Sunday, December 23, 2012

Jefferson Regional Drug Switch Trib Review Article and Implications

Reporter Luis Fabregas penned a terrific article in today's Tribune Review titled, "Answers on drug switch elude family."   In the article concerning Jefferson Regional's drug switch debacle, he focused on one of the patient's whom I am honored to represent, John Kolesar.  The story was told through his daughter and local City of Pittsburgh Police Officer, Nicole Kolesar.  What is not fully disclosed in the article is the extent to which all of the other patients I represent experienced the same crippling pain.  Each family I have spoken to has described the same eerily similar symptoms- indescribable pain that prompted each patient to exclaim that they would rather die than continue to struggle with the pain accompanied by an almost delirious state of mind.

Amazingly, we, the general public, have little appreciation for the detrimental physical and mental effects of  prolonged untreated pain.  Carolyn Middleton, BSc, RGN, a clinical nurse specialist, has put together a wonderful resource to help better understand the all encompassing damage caused by prolonged, untreated pain.  In her article "Understanding the physiological effects of unrelieved pain" she goes through a detailed explanation of how unrelieved changes the way our bodies operate.  Here are a couple of excerpts that I found particularly alarming:

"The cardiovascular system responds to the stress of unrelieved pain by increasing sympathetic nervous system activity which, in turn, increases heart rate, blood pressure and peripheral vascular resistance. As the workload and stress of the heart increase, owing to hypertension and tachycardia, the oxygen consumption of the myocardium also increases. When oxygen consumption is greater than oxygen supply, myocardial ischaemia and, potentially, myocardial infarction, occur."

"Unrelieved pain can result in a patient limiting the movement of the thoracic and abdominal muscles in a bid to reduce pain. This may cause some degree of respiratory dysfunction with secretions and sputum being retained because of a reluctance to cough. Atelectasis and pneumonia may follow (Macintyre and Ready, 2001). This pulmonary dysfunction, caused by painful excursion of the diaphragmatic muscles of the chest wall, is also associated with a reduction in vital lung capacity, increased inspiratory and expiratory pressures and reduced alveolar ventilation. The resulting hypoxia can cause cardiac complications, disorientation and confusion and delayed wound healing (Wood, 2003)."

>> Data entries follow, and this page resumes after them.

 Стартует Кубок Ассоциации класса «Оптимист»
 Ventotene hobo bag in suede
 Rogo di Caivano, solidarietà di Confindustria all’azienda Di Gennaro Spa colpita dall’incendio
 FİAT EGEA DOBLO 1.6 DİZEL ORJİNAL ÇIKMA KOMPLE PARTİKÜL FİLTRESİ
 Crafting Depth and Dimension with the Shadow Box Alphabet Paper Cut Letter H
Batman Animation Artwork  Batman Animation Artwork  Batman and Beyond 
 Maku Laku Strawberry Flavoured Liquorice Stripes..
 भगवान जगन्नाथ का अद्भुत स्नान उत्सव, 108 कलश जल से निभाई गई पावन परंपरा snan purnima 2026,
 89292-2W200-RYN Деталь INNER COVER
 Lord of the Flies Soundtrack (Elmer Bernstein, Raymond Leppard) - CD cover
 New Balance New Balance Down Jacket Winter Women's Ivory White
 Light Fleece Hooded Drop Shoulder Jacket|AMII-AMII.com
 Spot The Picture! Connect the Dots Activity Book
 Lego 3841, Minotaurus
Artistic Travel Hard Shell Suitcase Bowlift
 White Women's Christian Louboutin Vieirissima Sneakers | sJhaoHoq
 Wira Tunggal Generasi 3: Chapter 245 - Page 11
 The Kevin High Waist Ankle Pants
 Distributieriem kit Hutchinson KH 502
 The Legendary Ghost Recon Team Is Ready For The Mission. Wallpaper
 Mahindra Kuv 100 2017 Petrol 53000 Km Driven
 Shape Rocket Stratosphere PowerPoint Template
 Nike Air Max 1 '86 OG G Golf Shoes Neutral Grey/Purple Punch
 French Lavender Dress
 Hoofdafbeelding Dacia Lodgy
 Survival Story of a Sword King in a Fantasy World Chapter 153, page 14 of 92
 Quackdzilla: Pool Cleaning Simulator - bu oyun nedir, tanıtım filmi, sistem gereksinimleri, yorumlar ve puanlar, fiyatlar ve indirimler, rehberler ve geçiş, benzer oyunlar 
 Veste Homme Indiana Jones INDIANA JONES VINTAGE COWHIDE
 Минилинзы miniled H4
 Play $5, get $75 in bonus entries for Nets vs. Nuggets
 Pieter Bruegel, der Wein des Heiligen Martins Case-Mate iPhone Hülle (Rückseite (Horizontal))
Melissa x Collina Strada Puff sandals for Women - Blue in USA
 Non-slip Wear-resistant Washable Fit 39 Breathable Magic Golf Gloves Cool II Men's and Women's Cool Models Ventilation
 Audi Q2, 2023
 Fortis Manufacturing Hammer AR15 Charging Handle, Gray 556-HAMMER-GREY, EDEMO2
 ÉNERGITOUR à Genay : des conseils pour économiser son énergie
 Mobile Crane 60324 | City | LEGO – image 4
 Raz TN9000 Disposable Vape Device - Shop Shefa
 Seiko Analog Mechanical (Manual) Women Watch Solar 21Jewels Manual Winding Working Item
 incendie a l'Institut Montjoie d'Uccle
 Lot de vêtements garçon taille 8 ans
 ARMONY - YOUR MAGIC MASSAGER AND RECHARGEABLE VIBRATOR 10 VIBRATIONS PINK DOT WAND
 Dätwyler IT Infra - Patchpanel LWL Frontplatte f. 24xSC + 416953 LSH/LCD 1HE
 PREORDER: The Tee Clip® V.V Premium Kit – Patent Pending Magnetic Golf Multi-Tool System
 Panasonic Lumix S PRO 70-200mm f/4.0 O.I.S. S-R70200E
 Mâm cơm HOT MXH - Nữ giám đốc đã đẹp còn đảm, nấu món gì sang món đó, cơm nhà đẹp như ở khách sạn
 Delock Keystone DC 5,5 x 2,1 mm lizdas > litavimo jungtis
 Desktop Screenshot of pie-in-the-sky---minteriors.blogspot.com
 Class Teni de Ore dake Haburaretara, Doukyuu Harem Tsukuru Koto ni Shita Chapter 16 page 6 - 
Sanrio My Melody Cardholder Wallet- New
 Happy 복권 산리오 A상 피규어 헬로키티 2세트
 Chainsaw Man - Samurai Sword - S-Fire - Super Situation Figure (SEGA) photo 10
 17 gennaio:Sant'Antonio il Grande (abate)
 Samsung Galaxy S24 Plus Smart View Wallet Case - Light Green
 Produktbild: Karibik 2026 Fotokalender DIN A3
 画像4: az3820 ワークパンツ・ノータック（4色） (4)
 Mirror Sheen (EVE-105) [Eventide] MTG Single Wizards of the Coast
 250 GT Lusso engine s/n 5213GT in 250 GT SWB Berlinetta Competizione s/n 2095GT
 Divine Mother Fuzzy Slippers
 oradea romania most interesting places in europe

This means that prolonged unrelieved pain can contribute to patients developing cardiovascular complications like heart attack and pulmonary disfunction contributing to life-threatening pneumonia.  Disturbingly, we know that a couple of people that passed away in the midst of the Jefferson Regional drug diversion fiasco developed pulmonary disfunction.  It is too early to know whether the drug diversion played any role in contributing to patient death but it is certainly something that will be explored.  I will write more about this in future posts.